Thursday, February 17, 2011

Big Data from Small Source Code

Editor’s Note: This is a guest post by Denton Gentry. He’s an experienced software developer and fellow blogger from California. This years New Year resolution for Denton was to cross-post to other blogs. He’s off to a good start. Read more from Denton at his blog Coding Relic.



"Nobody would be interested in this code, why open source it?"

"I'm not really looking for people to help out on this code, its just a simple little thing."

"I wrote this to learn the language, its not good enough for anyone to see."

I suspect that most developers are proud of the code they've written, but most of that code is owned by an employer and considered proprietary. We couldn't open source it even if we wanted to. Code written on one's own time and not related to the employer's business could be open sourced, but rationalizations such as these keep us from doing so.

I know I've used them.

The traditional reasons for open sourcing code revolved around collecting a community of like-minded developers to collaborate with. It is a lot of work to build such a project, and even then most such efforts fail to get traction and simply languish. Driving such a project would take a lot of time and effort, time not worth investing for something one doesn't feel truly passionate about.

The thing is, the world has changed.

When it comes to hiring, I'll take a Github commit log over a resume any day.5 Feb via webJohn Resig
jeresig

Very subtly over the last few years, we've transitioned to a new model for information on the Internet. Its a world of Big Data, where we can draw inferences from collections of data even if the individual pieces go mostly unexamined.

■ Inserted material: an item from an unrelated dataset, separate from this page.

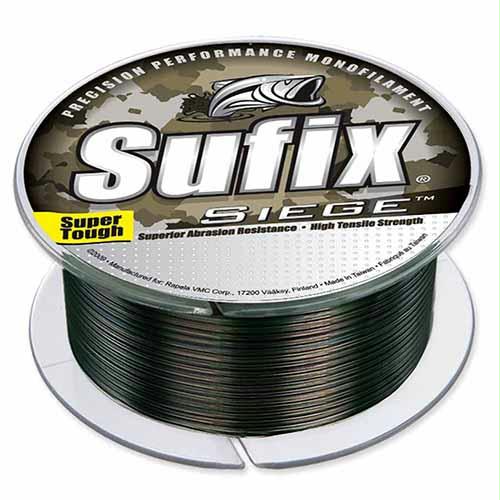Siege Line – 4 lbs Tested, 0.008″ Diameter, 330 Yards, Camo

  • Code search engines mean someone can reference your code to figure out arguments to a particular API, even if they don't use the code itself or care about the project it is a part of.
  • Framework and platform developers can use statistics from crawlers to know what parts of their API are widely used versus what is not getting traction. This can inform decisions about deprecation or API evolution.
  • Aggregate volumes of code can compare the rise and fall in popularity of different programming languages, useful information for developers looking to keep their skills current.
  • Resumes are dry reading, and get stale. Code commits, blog posts, etc are a living resume of one's work and skills.
  • Also, quite frankly you may be surprised at how many people benefit from a posting of code. Someone stuck on a problem will go through many pages of search engine results looking for an answer.

The question now should be if there are any reasons not to publish the source of personal coding projects. Is there a reason to keep it to private? Tools like GitHub and Stack Overflow have made programming into a social activity, with new opportunities for personal and professional advancement. The only cost in taking advantage of them is time, and even at that only a little time.

The question now of whether to publish the source revolves around internal factors, not external. "Am I proud of this code?" not "will anyone use this code?"